最初の職場は大学病院で、新人のあいだで「あの病棟は忙しそうだから行きたくないね…」と噂されていた病棟に配属が決まりました(笑)。その病棟にとても厳しい先輩がいて、その先輩の機嫌を損なわないように、毎日必死になって仕事を覚えていった結果、スピード感を持って業務を遂行する技量がついたように思います。
新人時代の失敗談は数えきれないほどありますが、特に印象に残っているのは、はじめてナースコールに対応した時のこと。

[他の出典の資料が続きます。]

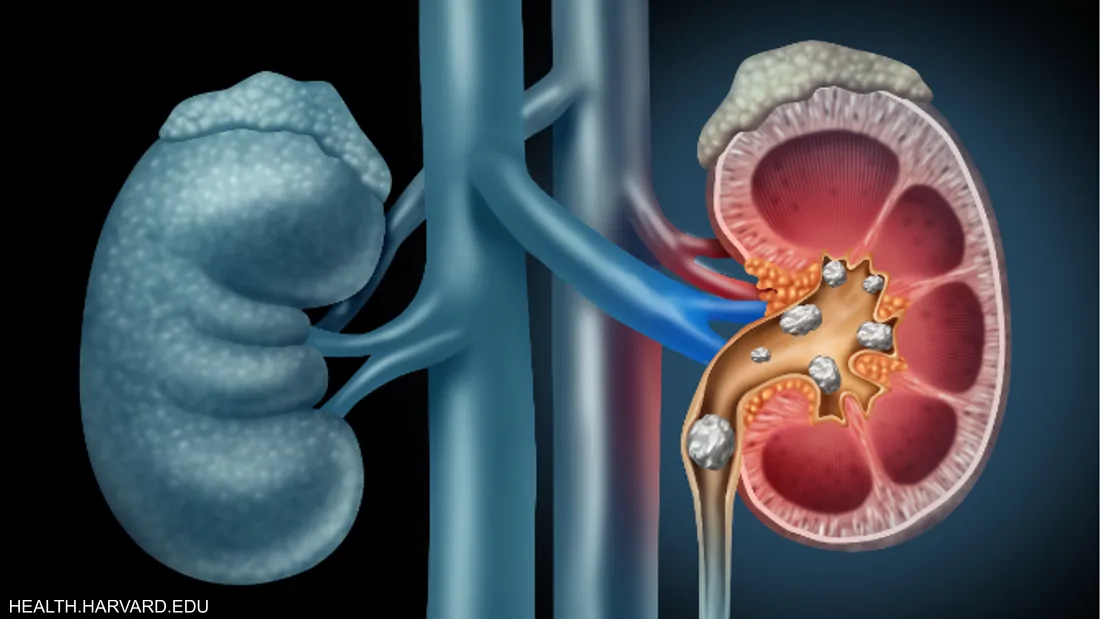 أداة ذكاء اصطناعي جديدة من إستونيا تكشف سرطان الكلى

病室に行ってみると、術後の患者様のベッド上の排泄介助で、先輩に相談をせず一人で対応した結果、大失敗して創部まで汚染してしまい、患者様に苦痛な思いをさせてしまいました。
その後はもちろん先輩からこっぴどく叱られ、自分だけの判断で勝手に行動してしまったことを深く反省した記憶があります。
-看護師として働く中で、転機となった出来事はありますか?
一番の転機は、尊敬できる上司との出会いです。その上司は、とにかく部下の話を親身になって聞いてくれる方で、私が主任を任されて仕事に行き詰った時、とてもお世話なりました。
「この人についていきたい!」と思ったので、その上司が看護部長に昇格してグループ病院に転勤後、私も同じ病院に転勤の希望を出して転勤したんです。心から信頼できる上司のもとで働く日々は本当に充実していて、たくさんの学びを得ました。
私はもともと管理職に興味があったわけではないのですが、その上司に憧れてマネジメントも学ぶようになり、気付いたらいつの間にか看護部長になっていました(笑)。
-こちらの病院には、2025年4月に赴任されたそうですね。
ええ、病院が大きく生まれ変わる過渡期に赴任しました。当院は1978年に「鶴川サナトリウム病院」として開院以来、高齢患者様や認知症患者様への慢性期医療に特化してきましたが、2024年に一般病棟や回復期リハビリ病棟を開設し、高齢者救急やリハビリ・退院支援といったニーズにも応えられるようになりました。
地域医療構想の達成に向けて、従来のサナトリウム(療養所)から、認知症医療が強みの多機能病院へと進化を遂げるため、2026年4月に「イムス明理会東京町田病院」へ改称して再スタートを切ったわけです。
今後も時代の変化や地域の実情に合わせて医療提供体制を見直し、住民の皆さんからも、働く職員からも選ばれ続ける病院を目指したいと考えています。